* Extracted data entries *
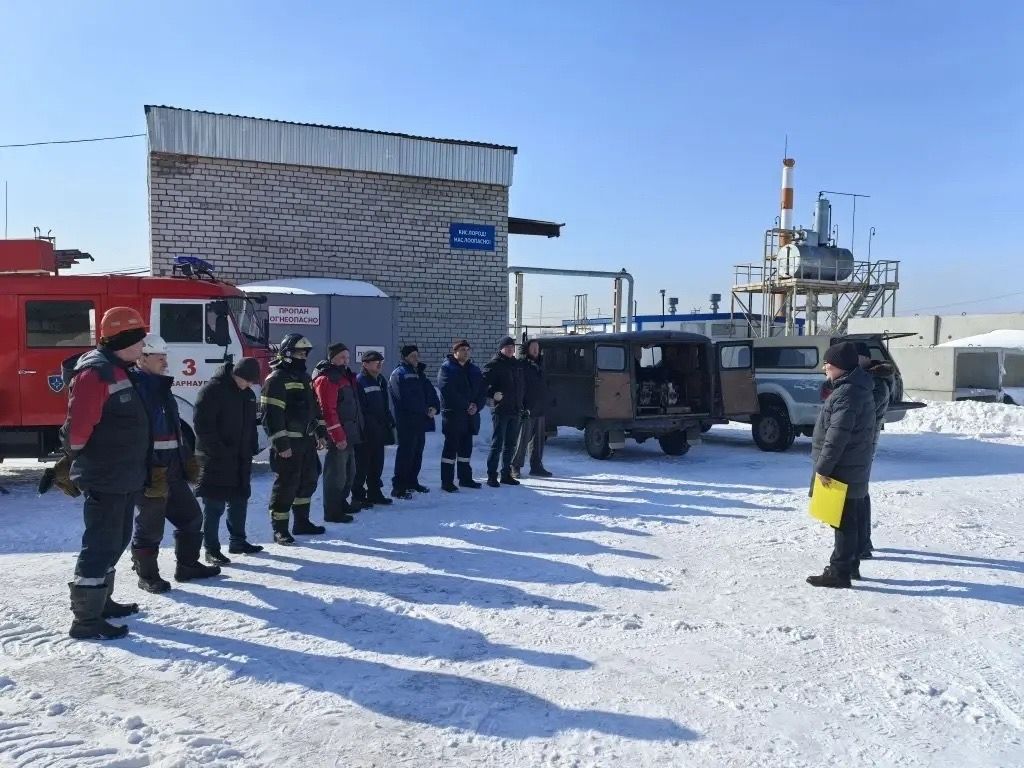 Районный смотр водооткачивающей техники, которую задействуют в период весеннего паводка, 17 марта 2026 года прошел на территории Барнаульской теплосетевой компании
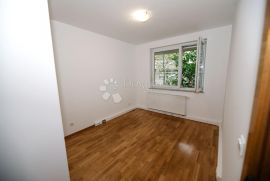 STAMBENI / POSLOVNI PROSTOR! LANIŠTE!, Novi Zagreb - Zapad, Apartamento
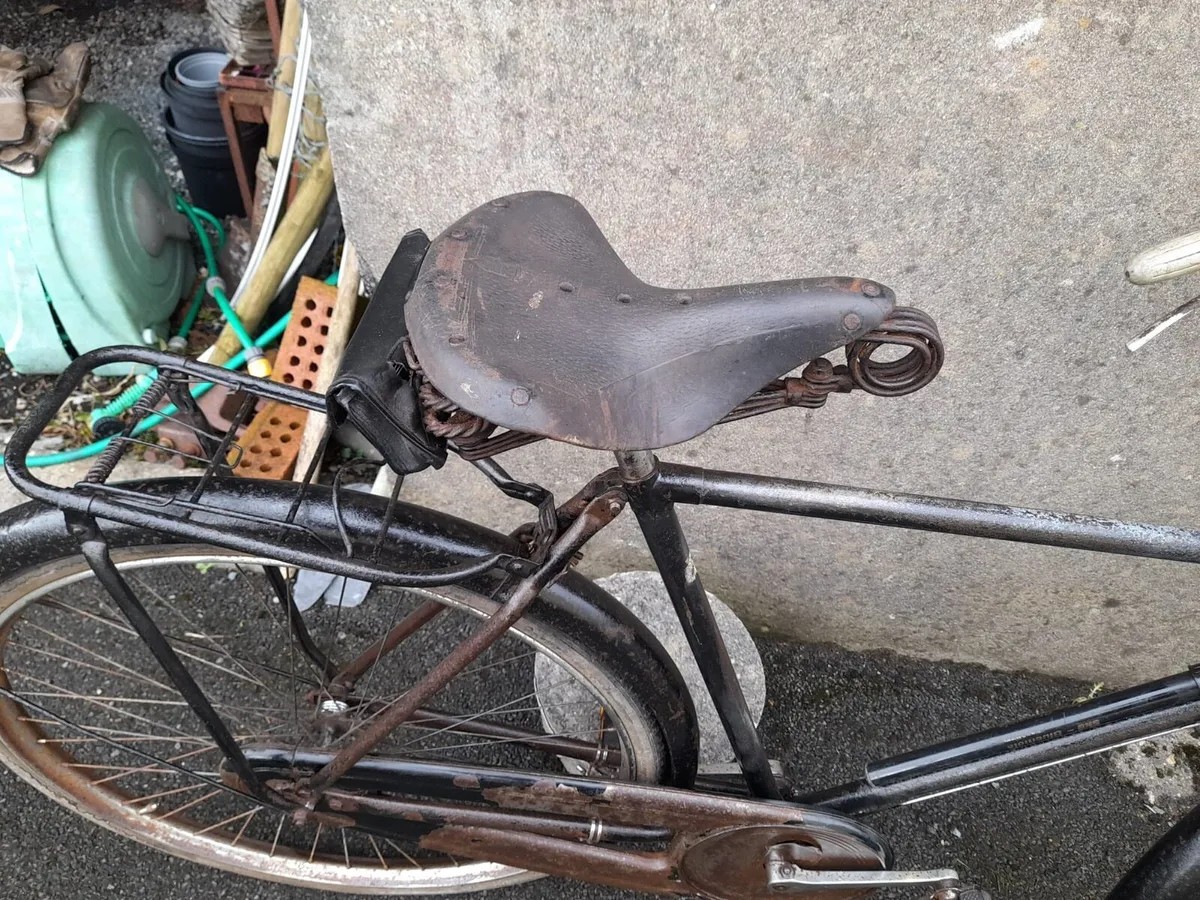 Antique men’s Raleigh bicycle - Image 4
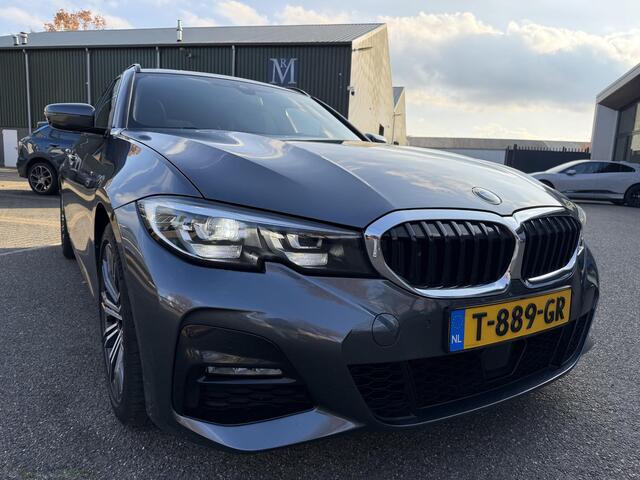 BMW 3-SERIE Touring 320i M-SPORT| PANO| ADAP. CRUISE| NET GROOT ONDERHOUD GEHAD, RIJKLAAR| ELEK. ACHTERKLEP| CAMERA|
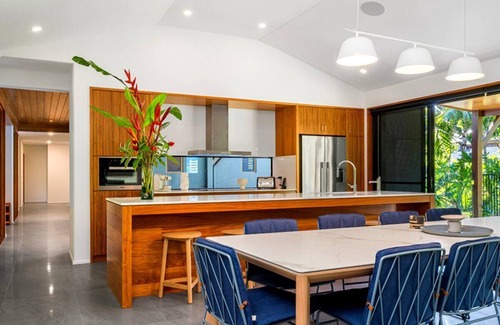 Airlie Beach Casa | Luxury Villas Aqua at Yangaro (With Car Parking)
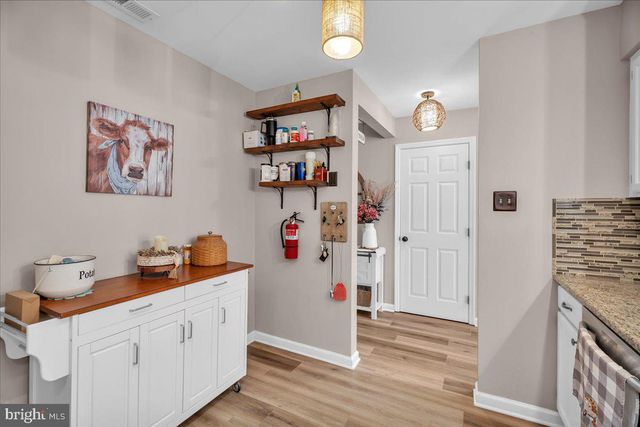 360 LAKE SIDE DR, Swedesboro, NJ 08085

* Task details *
Retype only the lines that run from the first line of the entries above to the line containing "Antique men’s Raleigh bicycle - Image 4", both included. Do not carry over any pictures.

* Solution *
 Районный смотр водооткачивающей техники, которую задействуют в период весеннего паводка, 17 марта 2026 года прошел на территории Барнаульской теплосетевой компании
 STAMBENI / POSLOVNI PROSTOR! LANIŠTE!, Novi Zagreb - Zapad, Apartamento
 Antique men’s Raleigh bicycle - Image 4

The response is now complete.